§ DATA
[Start of section]
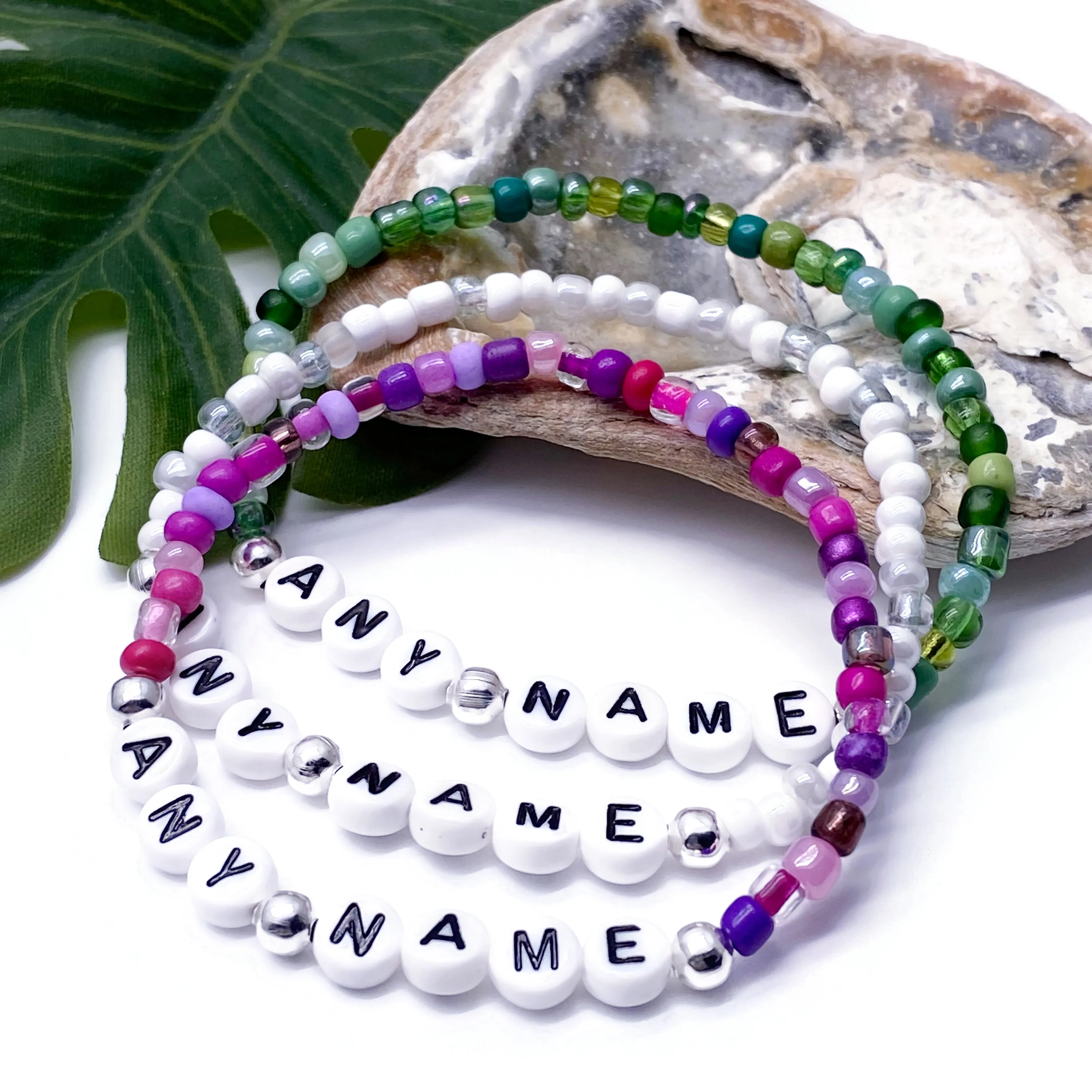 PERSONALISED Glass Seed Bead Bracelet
[End of section]
[Start of section]
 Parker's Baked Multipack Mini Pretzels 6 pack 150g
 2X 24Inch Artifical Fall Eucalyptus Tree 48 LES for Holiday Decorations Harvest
[End of section]
[Start of section]
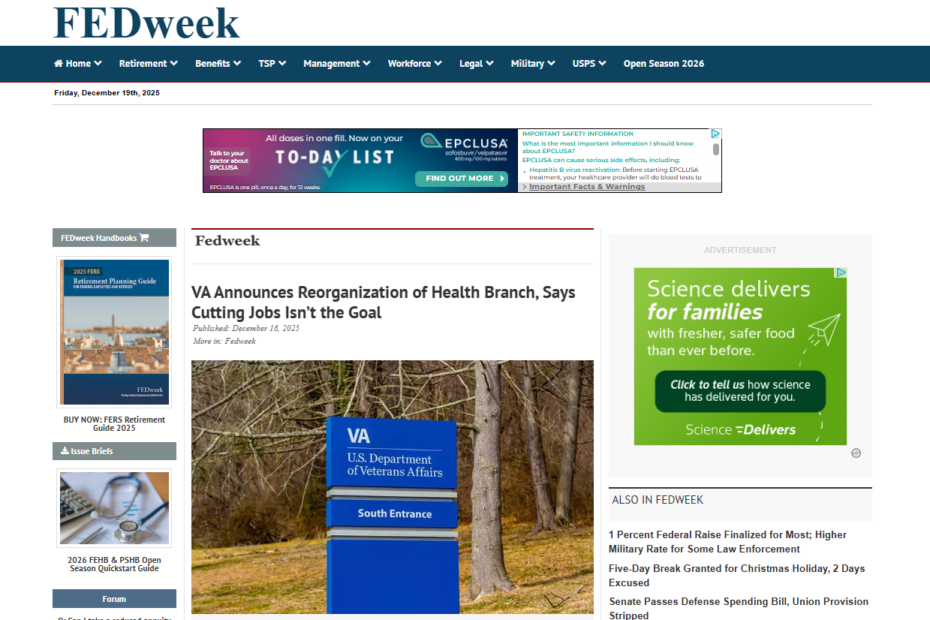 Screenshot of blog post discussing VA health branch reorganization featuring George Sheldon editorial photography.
[End of section]
§ ABOUT THIS TASK
Given the records above, reproduce precisely and only the lines between the line holding "Parker's Baked Multipack" and the line holding "2X 24Inch Artifical", inclusive.

§ RESPONSE FOR THIS EXERCISE
 Parker's Baked Multipack Mini Pretzels 6 pack 150g
 2X 24Inch Artifical Fall Eucalyptus Tree 48 LES for Holiday Decorations Harvest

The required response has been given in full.